KONTROVERSI UJIAN NASIONAL (UN)


 KONTROVERSI UJIAN NASIONAL (UN)
“STANDAR KELULUSAN, PEMETAAN ATAU PROYEK”
Oleh;
EKA OCTA NUGRAHA
            Hasil Ujian Nasional (UN) tidak identik dengan kualitas pendidikan di Tanah Air. Terlebih dengan adanya indikasi kebocoran dan kecurangan dalam pelaksanaan UN.  Hal lain yang perlu diperhatikan adalah pemetaan sebaiknya tidak dilakukan tiap tahun, hasilnya tidak perlu direkayasa, dan meliputi semua mata pelajaran. Selain itu, biaya yang dikeluarkan pemerintah tiap tahun untuk penyelenggaraan UN tidaklah sedikit.

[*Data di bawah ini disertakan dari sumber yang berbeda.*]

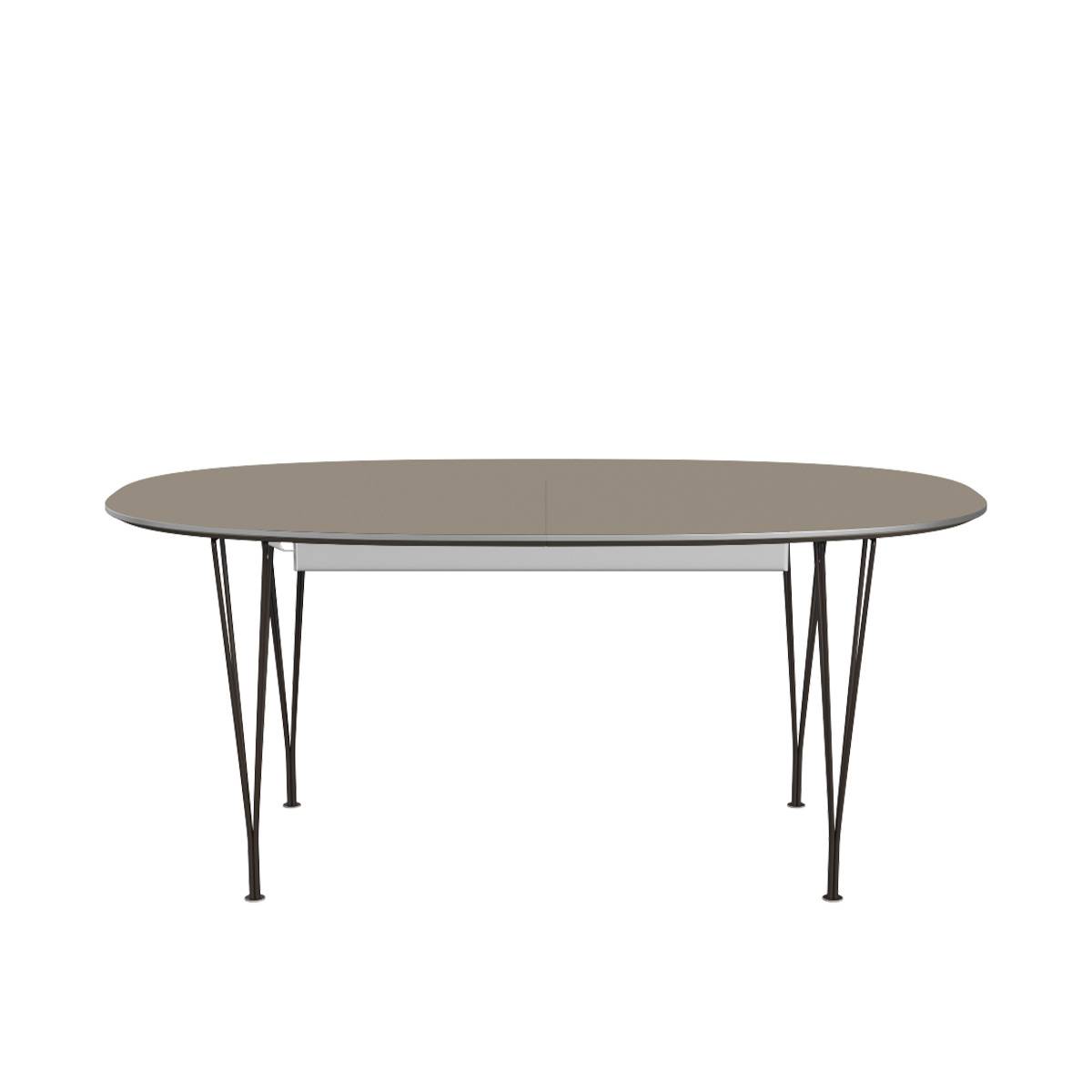 Fritz Hansen | Superellips B620 Förlängningsbart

            Tahun 2004, Depdiknas melalui RAPBN mengajukan anggaran untuk UN  sebesar RP. 500 Miliar rupiah kepada DPR ( Kompas, 12/3 ). Tapi, apakah benar dengan biaya sebesar itu akan meningkatkan mutu pendidikan ? jangan-jangan UN hanya akan menjadi sebuah proyek untuk memperkaya elite politik. Sudah menjadi rahasia umum bahwa sekolah yang ingin anak didiknya “diperhatikan” dan diberi “kemudahan” harus pintar-pintar membuat koneksi dengan para birokrat pendidikan, dan tentu saja hal ini akan membuat pundi-pundi rupiah mereka kian melambung. Sehingga  permasalahan yang di bahas dalam makalah ini adalah “ Apakah Ujian Nasional (UN) merupakan pemetaan, kelulusan, atau proyek dalam dunia Pendidikan di Indonesia? “.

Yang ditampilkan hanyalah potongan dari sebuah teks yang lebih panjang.